** LISTED RECORDS follows **
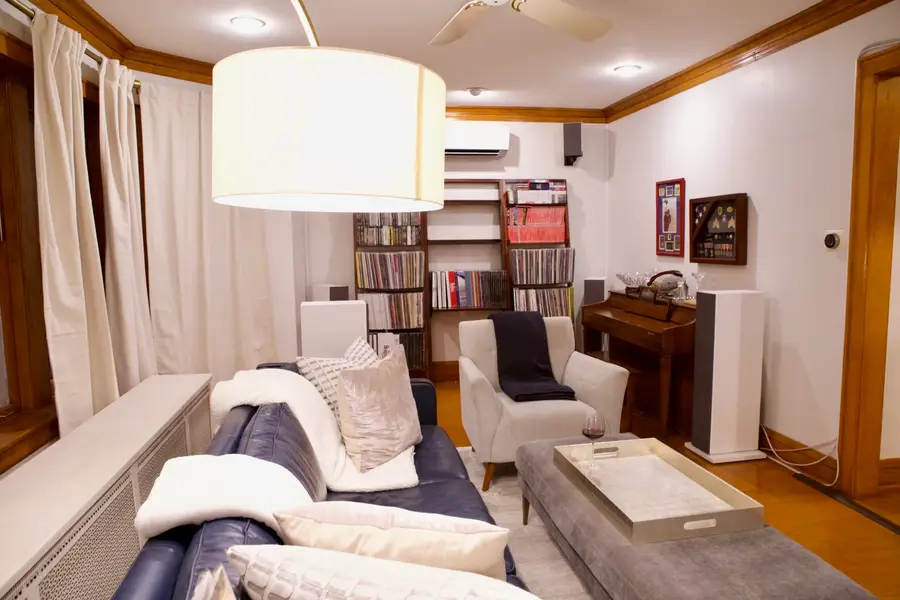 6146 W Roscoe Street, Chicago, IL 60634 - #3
** End of LISTED RECORDS **
** LISTED RECORDS follows **
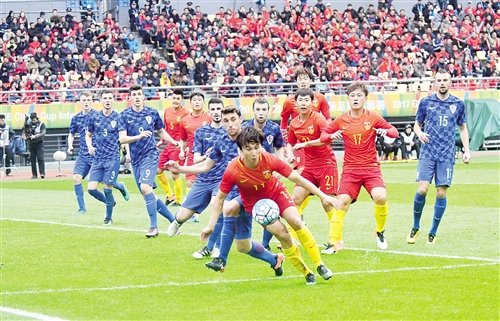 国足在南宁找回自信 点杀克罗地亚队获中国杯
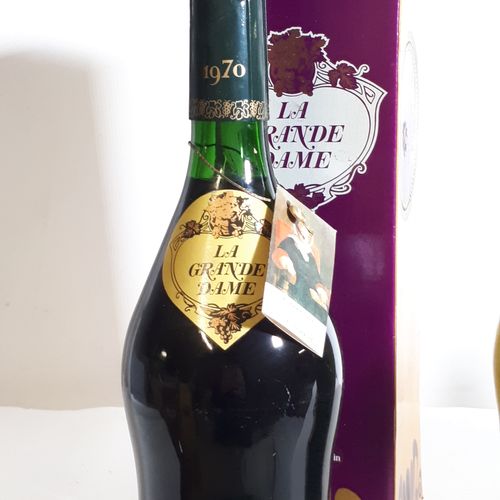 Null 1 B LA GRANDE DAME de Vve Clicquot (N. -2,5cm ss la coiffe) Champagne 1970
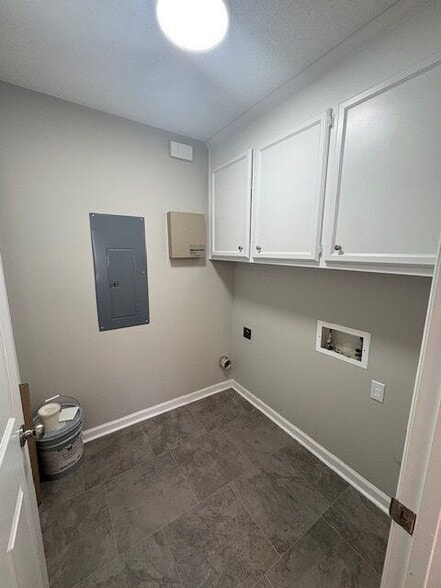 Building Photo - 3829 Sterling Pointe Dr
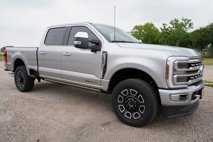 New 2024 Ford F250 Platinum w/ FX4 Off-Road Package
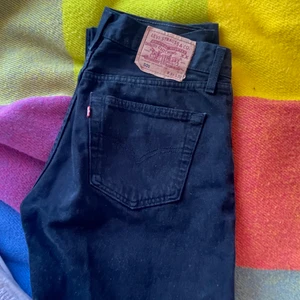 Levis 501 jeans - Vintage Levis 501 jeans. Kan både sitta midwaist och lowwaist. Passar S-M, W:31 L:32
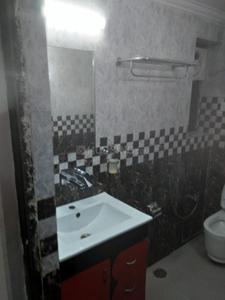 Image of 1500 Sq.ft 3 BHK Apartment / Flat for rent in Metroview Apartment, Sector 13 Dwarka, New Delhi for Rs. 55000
** End of LISTED RECORDS **
** LISTED RECORDS follows **
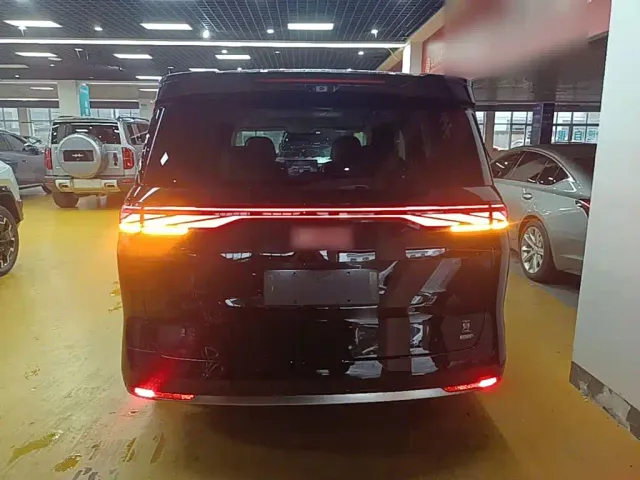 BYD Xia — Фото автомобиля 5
** End of LISTED RECORDS **
Copy word for word the lines above, starting at the line containing "Null 1 B LA" and ending at the line containing "Image of 1500", inclusive, with no pictures.

 Null 1 B LA GRANDE DAME de Vve Clicquot (N. -2,5cm ss la coiffe) Champagne 1970
 Building Photo - 3829 Sterling Pointe Dr
 New 2024 Ford F250 Platinum w/ FX4 Off-Road Package
 Levis 501 jeans - Vintage Levis 501 jeans. Kan både sitta midwaist och lowwaist. Passar S-M, W:31 L:32
 Image of 1500 Sq.ft 3 BHK Apartment / Flat for rent in Metroview Apartment, Sector 13 Dwarka, New Delhi for Rs. 55000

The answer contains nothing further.